Perception is a funny and firm element in politics.
It effects the left and the right equally, in different ways.
The two provinces with the fastest economic growth in Canada are Ontario and Alberta. In fact, Ontario's economic growth rate is projected to outpace not only all of Canada, but all the G7 countries, according to most private-sector projections such as those done by RBC and Bloomberg. (Alberta is also beginning to hum along. British Columbia isn't all that far behind.)
Yet, in part no doubt because both provinces are led by leftist women in Premier Kathleen Wynne and Premier Rachel Notley, most people don't realise or believe the economic reality. Likewise, Ontario and Alberta are presumed to be spendthrift governments, when in fact both constrain their programme spending and have some of the lowest overall taxation rates of all the provinces.
Similarly, the Ottawa commentariat was obsessive and pearl-clutching about Prime Minister Justin Trudeau's deficits. It was taken as a sign that he too was a big-spending liberal. Yet, Trudeau's deficits are smaller than former prime minister Stephen Harper's ever were, and it was Liberals who balanced the budget the last time Canada enjoyed a string of budgetary surpluses.
In the same way, President Donald Trump is presumed to be a successful businessman and therefore a trustworthy steward of America's economy. But the first presumption is nonsense: the man bankrupted casinos, proving that he is the one man in the world who is bad enough at business to flip the adage about the house always winning. His other ventures — Trump steaks, vodka, airlines and his 'university' — were either flops or frauds. He isn't a successful businessman; he just played one on TV. Apparently, he's not even decisive at saying, "you're fired" in real life, outsourcing sacking to his omnipresent son-in-law.
Media makes these false perception decisions as much as an individual person does. A press story about, for instance, Ontario's strong economic growth is clearly counter-narrative. An accusation of government waste fits the narrative. Which one ends up leading the evening news?

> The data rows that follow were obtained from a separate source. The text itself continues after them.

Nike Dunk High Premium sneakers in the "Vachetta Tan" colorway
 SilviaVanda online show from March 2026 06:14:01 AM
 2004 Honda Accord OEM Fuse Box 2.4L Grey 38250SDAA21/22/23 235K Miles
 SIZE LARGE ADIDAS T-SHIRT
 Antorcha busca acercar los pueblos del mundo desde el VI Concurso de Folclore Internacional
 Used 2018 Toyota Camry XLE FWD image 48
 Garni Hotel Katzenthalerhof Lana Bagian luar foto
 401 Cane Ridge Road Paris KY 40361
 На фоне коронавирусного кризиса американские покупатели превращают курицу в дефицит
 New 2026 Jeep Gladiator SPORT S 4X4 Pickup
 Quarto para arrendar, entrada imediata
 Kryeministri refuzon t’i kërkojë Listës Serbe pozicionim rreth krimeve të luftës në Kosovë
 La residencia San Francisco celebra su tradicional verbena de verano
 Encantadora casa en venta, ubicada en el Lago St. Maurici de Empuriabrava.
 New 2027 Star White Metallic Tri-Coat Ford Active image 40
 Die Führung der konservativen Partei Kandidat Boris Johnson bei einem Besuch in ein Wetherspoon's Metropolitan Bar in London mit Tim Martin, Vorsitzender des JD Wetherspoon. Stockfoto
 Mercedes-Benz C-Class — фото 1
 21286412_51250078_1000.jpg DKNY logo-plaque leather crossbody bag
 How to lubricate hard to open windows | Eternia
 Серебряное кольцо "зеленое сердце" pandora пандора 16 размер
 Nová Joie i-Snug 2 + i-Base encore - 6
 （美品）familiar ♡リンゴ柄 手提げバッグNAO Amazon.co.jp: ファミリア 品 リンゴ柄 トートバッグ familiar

Another example is particularly vexing. Right after New Year's, gas prices went up in Ontario. Evening news reported that it was the effects of Wynne's "carbon tax" (in reality, she favours cap-and-trade, which makes polluters pay; it's Conservative Leader Patrick Brown who—currently—says he supports a carbon tax). This was not only confirmation bias at its worst: it was an abject failure to understand how the market works. Gas often goes up before or after holidays. It went up by more in neighbouring jurisdictions that don't have any form of pollution pricing. It went down shortly thereafter anyway. It was letting perception dictate reality, not the other way around.
The post-hoc-ergo-propter-hoc perception that cap-and-trade kicked into effect and therefore it must be the cause of the uptick in gas prices was persuasive enough for news producers to run with it. No such stories followed when gas then went down; that didn't fit the narrative.
How to correct these perceptions? It's a tricky business.
American cognitive scientist George Lakoff speaks about how political narratives become etched on our brains, writing, "Neural binding allows these permanent general narrative structures" — such as the frame that liberals spend wastefully — "to be applied to ever new special cases". In other words, we tend to reinforce our biases.
He suggests, ultimately, that the way to fight perceptions is Newtonian: for every narrative there must be an actual and opposite counter-narrative. Mere fact checking won't work; if anything, it can be counterproductive and serve to reinforce the fake news it seeks to refute. But spreading a rival narrative, preferably one that is factual, can counteract the false perception.
In other words, the way around false perceptions is to crash into them head on. It's probably why campaigns that are timid tend to lose: by not fighting back from a language of values, you let the opposition win the point by default.